The blood of Eptatretus is poorly buffered in comparison with elasmobranch and teleost blood (Albers, 1970; Eddy, 1976; Heisler, 1980; Albers, Gotz & Welbers, 1981), which presumably reflects primarily the low concentration of haemoglobin. However, at rest DA blood is relatively alkaline when compared to elasmobranch and teleost blood at the same temperature, although lying within the range of values compiled by Heisler (1984). Using the mean pH values of VA and DA blood given above, from the fitted regression lines for oxygenated and deoxygenated blood (Fig. 1), it can be calculated that the Haldane effect is responsible for the loss of from 1·5 to 2·4 mmol l^-1 of bicarbonate as CO₂ at the gills, or from 14 to 22% of total bicarbonate. This represents a substantial Haldane effect when the low haemoglobin concentration is considered.

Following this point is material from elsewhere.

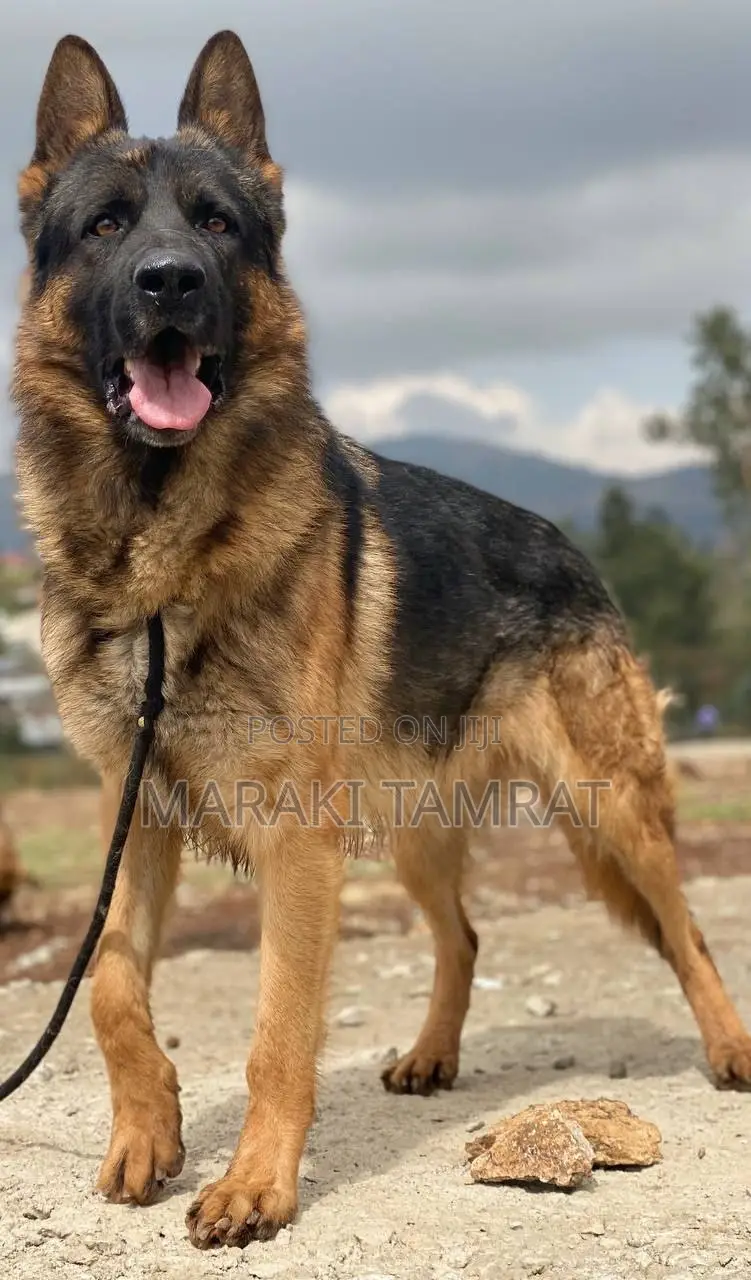 1-3 months Male Purebred German Shepherd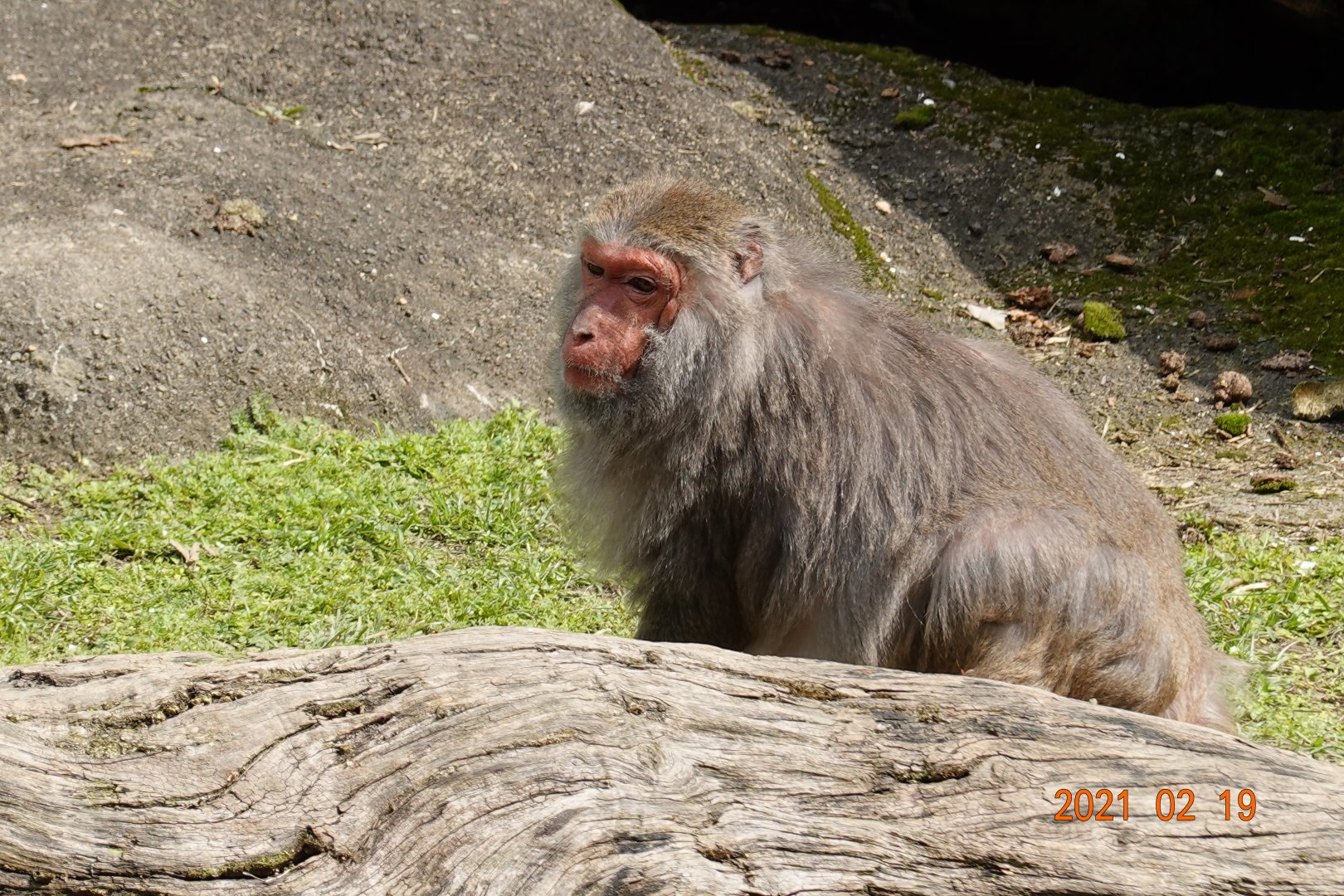 Formosan Rock Macaque (Macaca cyclopis)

The hagfish Eptatretus cirrhatus occurs in southern cooler waters to depths of over 1000 m (Ayling & Cox, 1982) but may also occur in shallow water. The habits of hagfish are poorly known, although it is claimed that myxinoids inhabit muddy burrows, whereas eptatrids are frequently found on rocky substrata (Hardisty, 1979). Our underwater field observations indicate that the animals prefer to inhabit rocky crevices and that they are not seen in sandy or muddy sites where other burrowing forms are observed. Myxine survives well with the nostril occluded (Johansen & Strahan, 1963) and uses the skin as the major respiratory exchange surface (Steffensen et al. 1984). Being a considerably larger animal, the lower surface area to volume ratio of E. cirrhatus will not favour transcutaneous oxygen uptake. When feeding within the body of dead or dying fish (Hardisty, 1979), gill oxygen uptake might be impaired and at such times the blood might function as an oxygen store. The comparatively high affinity of its blood for oxygen and weakly cooperative oxygen binding are features which may facilitate oxygen transfer in an animal with a very low metabolic rate and low internal oxygen pressures. These properties, together with a weak Bohr effect, apparently enable the blood to transport oxygen and CO₂ both at rest and when swimming. Our demonstration of appreciable venous desaturation during aerobic activity shows that E. cirrhatus exploits the full range of its equilibrium curve in a blood circulation with large venous sinuses and allows for an efficient uptake of oxygen at the gill surfaces.

The authors thank D. Tattle for collection of specimens and for underwater observations. We also thank an unknown referee for valuable comments.